Britain's Electricity has First Coal-Free Week (Update)

(Adds ESO statement on need for gas post-2025 in paras 7&8)

Great Britain's National Grid Electricity System Operator (ESO) said early in the afternoon of May 8 that the last coal generator had came off the system at 13:24hrs on May 1, meaning the country's power market had gone for at least a week without coal at time of press. 

ESO director Fintan Slye said:"While this is the first time this has happened, I predict it will become the ‘new normal’. As more and more renewables come onto our energy system, coal-free runs like this are going to be a regular occurrence.  We believe that by 2025 we will be able to fully operate Great Britain’s electricity system with zero carbon.

“Zero carbon operation of the electricity system by 2025 means a fundamental change to how our system was designed to operate – integrating newer technologies right across the system – from large scale off-shore wind to domestic scale solar panels to increased demand side participation, using new smart digital systems to manage and control the system in real-time.

“To help us reach today’s significant milestone, we have been working with industry over the last few years to ensure the services we require to operate the network are not dependent on coal. We have been forecasting the closure of coal plant and reduced running for some time – due to us having to manage more renewables on the system. Transmission owners have invested in their networks accordingly and we have refined our operational strategies and real time operation of the network to ensure continued secure and economic operation.

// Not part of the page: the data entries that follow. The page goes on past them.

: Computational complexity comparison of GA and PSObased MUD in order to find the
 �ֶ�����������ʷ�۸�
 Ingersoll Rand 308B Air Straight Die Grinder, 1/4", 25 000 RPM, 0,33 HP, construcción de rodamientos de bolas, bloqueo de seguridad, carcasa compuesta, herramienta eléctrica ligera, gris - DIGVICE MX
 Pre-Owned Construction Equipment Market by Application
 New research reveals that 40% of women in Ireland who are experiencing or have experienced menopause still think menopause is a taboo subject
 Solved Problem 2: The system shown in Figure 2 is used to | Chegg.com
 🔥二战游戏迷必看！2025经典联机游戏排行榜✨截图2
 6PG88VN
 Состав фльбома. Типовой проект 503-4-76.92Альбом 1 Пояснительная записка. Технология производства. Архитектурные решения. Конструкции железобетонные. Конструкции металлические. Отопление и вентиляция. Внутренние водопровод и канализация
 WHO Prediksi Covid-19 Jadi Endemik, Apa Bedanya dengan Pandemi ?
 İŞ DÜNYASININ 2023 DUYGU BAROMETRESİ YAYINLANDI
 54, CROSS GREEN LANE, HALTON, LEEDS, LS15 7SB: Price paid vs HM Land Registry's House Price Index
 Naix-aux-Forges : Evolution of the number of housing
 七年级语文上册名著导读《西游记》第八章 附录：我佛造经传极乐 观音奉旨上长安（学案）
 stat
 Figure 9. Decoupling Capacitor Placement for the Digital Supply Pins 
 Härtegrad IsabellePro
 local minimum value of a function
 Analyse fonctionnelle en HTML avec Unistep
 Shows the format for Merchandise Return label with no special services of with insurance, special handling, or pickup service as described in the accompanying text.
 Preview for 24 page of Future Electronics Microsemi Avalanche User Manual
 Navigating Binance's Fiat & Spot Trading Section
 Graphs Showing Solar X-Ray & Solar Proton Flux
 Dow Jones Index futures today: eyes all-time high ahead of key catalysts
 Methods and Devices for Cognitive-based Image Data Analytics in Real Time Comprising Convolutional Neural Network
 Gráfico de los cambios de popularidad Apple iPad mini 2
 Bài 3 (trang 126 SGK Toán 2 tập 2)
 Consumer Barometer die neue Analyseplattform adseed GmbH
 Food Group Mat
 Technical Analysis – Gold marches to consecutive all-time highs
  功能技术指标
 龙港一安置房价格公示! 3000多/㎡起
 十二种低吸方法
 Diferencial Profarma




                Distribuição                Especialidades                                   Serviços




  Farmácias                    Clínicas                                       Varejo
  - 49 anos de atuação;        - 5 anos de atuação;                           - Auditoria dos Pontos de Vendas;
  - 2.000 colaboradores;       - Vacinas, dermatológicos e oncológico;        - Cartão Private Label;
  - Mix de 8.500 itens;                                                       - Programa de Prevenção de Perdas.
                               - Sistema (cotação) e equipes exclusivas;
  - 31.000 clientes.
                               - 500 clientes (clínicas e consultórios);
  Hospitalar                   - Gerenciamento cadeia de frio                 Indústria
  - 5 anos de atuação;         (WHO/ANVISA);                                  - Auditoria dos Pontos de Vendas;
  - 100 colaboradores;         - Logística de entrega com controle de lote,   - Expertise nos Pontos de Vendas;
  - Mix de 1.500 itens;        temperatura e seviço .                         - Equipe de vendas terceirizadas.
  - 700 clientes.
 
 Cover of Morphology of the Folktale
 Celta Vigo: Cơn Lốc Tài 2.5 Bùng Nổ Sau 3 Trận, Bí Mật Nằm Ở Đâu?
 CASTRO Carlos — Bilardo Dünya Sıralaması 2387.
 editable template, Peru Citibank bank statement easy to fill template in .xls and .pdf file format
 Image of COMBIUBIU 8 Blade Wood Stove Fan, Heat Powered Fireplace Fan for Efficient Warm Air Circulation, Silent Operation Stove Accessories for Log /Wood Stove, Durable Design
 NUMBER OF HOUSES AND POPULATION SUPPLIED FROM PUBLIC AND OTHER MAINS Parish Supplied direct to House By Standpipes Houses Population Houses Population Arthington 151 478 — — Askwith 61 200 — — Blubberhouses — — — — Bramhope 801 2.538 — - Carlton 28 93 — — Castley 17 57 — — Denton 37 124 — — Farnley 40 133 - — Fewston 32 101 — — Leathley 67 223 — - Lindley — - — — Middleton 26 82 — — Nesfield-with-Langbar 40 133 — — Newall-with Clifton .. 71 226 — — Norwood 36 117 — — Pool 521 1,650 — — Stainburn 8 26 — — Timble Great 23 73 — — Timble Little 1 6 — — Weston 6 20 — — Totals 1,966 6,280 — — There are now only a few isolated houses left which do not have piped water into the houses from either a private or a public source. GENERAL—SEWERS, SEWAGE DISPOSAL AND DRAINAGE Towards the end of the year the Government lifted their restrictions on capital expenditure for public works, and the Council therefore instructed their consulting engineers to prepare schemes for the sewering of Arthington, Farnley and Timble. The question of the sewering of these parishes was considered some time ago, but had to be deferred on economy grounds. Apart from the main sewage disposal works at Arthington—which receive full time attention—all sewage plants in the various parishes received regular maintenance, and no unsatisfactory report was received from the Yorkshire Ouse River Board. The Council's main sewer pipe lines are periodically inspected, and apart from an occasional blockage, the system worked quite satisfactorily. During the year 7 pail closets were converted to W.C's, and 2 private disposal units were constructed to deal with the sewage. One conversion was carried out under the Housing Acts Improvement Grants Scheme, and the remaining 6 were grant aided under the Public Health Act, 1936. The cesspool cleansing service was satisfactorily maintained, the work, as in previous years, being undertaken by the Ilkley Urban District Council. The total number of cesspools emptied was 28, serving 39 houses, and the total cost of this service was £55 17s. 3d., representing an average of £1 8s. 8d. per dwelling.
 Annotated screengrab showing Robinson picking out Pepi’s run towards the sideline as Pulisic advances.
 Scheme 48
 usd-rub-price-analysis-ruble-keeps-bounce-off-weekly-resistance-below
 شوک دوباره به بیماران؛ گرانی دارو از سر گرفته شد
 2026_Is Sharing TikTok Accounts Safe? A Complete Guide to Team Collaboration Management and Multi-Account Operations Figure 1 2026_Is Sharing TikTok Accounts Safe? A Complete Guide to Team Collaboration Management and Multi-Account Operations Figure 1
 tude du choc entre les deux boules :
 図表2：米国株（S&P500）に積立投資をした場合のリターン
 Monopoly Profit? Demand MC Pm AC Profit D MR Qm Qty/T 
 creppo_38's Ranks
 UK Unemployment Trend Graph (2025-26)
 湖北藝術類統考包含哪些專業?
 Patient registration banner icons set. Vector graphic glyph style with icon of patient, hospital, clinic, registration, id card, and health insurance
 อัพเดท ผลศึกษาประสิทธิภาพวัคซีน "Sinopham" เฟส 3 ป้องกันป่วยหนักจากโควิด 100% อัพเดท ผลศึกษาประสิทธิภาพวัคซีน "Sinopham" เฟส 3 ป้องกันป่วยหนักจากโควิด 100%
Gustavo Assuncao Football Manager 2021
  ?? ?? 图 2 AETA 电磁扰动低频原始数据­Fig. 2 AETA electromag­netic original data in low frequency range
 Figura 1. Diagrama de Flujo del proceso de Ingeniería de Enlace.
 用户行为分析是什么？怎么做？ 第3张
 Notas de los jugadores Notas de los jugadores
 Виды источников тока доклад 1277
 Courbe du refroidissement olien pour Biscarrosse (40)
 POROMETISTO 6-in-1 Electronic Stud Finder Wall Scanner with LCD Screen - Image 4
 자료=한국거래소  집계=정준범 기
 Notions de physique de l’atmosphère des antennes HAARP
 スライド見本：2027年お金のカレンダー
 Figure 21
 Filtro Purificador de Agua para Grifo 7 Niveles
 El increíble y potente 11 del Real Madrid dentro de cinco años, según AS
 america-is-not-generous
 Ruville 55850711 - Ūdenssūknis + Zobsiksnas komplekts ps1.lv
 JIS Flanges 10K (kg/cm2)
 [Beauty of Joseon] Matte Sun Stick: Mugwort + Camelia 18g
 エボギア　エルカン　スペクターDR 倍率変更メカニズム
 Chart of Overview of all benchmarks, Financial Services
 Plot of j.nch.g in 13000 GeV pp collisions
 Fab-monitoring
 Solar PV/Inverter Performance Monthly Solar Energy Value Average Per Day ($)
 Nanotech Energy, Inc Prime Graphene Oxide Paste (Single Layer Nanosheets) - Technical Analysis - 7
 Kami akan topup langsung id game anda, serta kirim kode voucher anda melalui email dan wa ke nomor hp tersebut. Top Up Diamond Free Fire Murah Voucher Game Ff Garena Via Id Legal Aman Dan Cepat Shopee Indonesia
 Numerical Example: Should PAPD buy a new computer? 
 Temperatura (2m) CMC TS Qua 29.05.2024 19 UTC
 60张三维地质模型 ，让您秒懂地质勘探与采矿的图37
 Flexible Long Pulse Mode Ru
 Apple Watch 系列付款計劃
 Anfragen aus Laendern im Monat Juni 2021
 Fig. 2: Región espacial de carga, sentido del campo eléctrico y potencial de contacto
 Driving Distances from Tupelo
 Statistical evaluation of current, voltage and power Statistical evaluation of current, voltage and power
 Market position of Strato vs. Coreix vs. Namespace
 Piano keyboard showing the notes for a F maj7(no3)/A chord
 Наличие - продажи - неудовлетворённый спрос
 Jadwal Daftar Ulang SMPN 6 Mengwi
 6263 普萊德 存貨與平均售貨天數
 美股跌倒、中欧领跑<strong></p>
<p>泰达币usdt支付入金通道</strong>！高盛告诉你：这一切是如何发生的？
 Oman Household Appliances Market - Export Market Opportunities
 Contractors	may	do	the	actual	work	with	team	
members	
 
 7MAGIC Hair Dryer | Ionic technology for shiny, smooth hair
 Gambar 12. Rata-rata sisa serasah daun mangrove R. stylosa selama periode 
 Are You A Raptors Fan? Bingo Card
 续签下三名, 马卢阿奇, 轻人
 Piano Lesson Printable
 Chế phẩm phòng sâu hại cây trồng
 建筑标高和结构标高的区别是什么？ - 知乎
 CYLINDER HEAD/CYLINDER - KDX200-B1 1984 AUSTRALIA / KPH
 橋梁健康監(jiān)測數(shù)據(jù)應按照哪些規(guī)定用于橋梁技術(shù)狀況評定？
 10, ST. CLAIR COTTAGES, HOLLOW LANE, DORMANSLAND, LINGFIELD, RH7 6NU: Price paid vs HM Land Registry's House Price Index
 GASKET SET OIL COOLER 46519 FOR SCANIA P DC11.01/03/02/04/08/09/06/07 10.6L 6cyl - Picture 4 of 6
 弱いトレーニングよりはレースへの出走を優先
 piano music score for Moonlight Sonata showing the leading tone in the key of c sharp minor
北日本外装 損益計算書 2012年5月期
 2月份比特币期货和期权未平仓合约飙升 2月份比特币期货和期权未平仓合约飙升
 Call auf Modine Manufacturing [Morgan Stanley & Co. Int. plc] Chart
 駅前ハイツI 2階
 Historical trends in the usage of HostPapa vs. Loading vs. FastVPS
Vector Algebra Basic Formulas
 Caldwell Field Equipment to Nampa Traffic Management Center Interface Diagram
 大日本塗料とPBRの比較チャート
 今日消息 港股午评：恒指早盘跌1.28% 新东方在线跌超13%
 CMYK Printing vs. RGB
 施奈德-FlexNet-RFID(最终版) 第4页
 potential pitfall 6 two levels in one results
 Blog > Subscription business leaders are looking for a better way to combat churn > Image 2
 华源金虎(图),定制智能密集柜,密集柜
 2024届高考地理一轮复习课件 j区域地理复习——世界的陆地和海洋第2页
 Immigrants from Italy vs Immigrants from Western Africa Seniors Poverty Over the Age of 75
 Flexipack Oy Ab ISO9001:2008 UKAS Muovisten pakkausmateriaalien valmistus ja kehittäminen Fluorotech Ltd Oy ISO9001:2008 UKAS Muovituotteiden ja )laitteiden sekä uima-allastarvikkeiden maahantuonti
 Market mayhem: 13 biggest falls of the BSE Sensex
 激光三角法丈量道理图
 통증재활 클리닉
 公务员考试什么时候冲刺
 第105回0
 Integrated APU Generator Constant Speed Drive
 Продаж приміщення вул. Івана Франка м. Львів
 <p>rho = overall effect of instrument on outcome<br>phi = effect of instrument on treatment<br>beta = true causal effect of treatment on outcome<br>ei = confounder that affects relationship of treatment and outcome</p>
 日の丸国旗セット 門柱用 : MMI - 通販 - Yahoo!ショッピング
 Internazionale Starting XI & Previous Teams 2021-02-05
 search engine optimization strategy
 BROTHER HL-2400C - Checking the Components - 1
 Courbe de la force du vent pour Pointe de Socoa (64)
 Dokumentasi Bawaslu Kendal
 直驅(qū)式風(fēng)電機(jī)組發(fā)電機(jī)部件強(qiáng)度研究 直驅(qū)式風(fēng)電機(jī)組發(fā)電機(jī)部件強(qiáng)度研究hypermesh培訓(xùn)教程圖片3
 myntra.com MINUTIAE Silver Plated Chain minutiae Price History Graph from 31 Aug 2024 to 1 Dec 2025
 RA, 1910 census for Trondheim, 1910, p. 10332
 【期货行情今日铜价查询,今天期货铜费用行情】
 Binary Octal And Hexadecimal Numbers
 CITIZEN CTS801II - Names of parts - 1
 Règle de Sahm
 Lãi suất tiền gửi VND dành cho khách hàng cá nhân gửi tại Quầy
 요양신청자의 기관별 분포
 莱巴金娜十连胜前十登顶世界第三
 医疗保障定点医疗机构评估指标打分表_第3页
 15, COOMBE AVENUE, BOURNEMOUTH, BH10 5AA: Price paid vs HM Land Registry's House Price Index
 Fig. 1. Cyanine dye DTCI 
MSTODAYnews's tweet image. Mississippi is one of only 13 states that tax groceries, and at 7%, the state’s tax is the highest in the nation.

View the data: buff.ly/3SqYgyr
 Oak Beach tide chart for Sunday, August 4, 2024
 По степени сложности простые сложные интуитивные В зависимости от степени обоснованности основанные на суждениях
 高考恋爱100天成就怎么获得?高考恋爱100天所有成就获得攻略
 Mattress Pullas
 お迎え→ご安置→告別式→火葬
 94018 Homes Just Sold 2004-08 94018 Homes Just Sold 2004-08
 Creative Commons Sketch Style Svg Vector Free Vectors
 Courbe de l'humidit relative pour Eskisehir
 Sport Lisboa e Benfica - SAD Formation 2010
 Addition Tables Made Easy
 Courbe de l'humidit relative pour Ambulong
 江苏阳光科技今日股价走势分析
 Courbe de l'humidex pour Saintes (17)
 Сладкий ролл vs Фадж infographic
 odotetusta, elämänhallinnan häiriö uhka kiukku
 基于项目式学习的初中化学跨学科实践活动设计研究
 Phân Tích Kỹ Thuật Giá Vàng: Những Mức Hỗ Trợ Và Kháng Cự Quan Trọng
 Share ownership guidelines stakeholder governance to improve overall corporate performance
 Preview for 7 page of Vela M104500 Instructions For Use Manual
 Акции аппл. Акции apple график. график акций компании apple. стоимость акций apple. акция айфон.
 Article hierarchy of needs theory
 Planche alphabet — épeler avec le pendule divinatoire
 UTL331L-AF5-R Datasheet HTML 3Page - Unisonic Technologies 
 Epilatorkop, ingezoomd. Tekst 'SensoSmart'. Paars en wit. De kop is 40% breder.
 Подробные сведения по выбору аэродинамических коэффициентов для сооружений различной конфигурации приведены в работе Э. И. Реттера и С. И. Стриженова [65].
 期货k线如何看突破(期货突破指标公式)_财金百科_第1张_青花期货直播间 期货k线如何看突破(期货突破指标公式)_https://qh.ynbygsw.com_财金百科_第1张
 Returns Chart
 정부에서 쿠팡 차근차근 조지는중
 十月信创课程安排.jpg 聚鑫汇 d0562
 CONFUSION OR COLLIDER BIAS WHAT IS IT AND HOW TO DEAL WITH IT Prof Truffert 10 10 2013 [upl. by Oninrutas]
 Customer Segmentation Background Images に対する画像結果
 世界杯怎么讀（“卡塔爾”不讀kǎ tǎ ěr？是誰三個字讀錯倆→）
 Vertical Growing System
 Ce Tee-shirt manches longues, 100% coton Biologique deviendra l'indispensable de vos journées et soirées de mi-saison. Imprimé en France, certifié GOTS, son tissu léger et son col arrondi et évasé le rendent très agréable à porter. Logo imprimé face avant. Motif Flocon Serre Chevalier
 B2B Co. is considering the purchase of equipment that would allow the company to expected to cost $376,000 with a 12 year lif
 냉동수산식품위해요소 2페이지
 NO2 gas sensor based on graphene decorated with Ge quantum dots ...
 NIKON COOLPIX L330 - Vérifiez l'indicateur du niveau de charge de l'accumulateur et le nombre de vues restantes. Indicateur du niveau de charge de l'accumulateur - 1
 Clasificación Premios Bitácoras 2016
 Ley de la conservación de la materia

"To reach zero carbon operation by 2025, we will continue to identify the systems, services and products we will require to run a zero-carbon network and design the new competitive marketplaces needed to source these as efficiently as possible from both new and existing companies. We believe that promoting competition will ultimately lead to better value for consumers. The new products and services we will introduce will help reduce the overall cost of operating the system, driving down costs for consumers.

“Operating a zero carbon electricity system in 2025, whenever there is sufficient renewable generation, is a major stepping stone to full decarbonisation of the entire electricity system. This will enable new technologies and removes barriers to ever increasing levels of renewables.”

ESO's aim is to be able to manage the system without gas from 2025 as well if the market delivers that solution.

ESO told NGW gas generation will still be required as the market needs to meet the demand when the zero carbon generation outputs are not sufficient to supply the nation's demands. "We also believe that gas will have a significant role to play in the balancing and operation of the network at times when demand from the network is greater than the zero carbon output," it said.

The ESO was separated from National Grid from April 1, the aim being to prevent the system balancer from favouring assets owned by National Grid, such as electricity interconnectors.

 The UK minister for business, energy and industrial strategy Greg Clark said: “Going a week without coal for the first time since the Industrial Revolution is a huge leap forward in our world-leading efforts to reduce emissions, but we’re not stopping there. To combat climate change and seize on the opportunities of clean growth, we’re phasing out coal entirely by 2025 and building a cleaner, greener energy system.

“We lead the world when it comes to tackling climate change and we want to carry on breaking records, which is why we’ve put foundations in place to allow our renewables sector to thrive. We’re now on a path to become the first major economy to legislate for net zero emissions.”